§ Required work
Write out again, please, the records below from the first line to the line holding "워크 살로펫 오버롤 그레이 XXXXXL 새상품 재입고 가격 동결", inclusive, and nothing else.

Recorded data
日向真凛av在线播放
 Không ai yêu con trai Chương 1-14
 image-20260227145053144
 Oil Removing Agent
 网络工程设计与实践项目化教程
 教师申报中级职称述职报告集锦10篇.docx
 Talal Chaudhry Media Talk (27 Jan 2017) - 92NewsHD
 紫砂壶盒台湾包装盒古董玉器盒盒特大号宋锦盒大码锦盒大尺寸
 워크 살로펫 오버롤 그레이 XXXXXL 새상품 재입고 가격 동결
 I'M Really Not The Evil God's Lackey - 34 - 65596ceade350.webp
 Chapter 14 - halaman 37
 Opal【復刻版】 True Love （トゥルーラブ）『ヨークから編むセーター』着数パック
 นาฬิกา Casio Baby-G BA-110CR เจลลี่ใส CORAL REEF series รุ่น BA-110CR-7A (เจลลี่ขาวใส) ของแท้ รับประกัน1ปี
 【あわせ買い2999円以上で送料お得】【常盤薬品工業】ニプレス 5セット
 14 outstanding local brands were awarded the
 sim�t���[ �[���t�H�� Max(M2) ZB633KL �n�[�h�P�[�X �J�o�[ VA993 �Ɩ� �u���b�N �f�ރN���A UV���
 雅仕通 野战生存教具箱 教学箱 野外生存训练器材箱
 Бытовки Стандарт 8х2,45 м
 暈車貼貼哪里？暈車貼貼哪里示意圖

§ Exercise solution
日向真凛av在线播放
 Không ai yêu con trai Chương 1-14
 image-20260227145053144
 Oil Removing Agent
 网络工程设计与实践项目化教程
 教师申报中级职称述职报告集锦10篇.docx
 Talal Chaudhry Media Talk (27 Jan 2017) - 92NewsHD
 紫砂壶盒台湾包装盒古董玉器盒盒特大号宋锦盒大码锦盒大尺寸
 워크 살로펫 오버롤 그레이 XXXXXL 새상품 재입고 가격 동결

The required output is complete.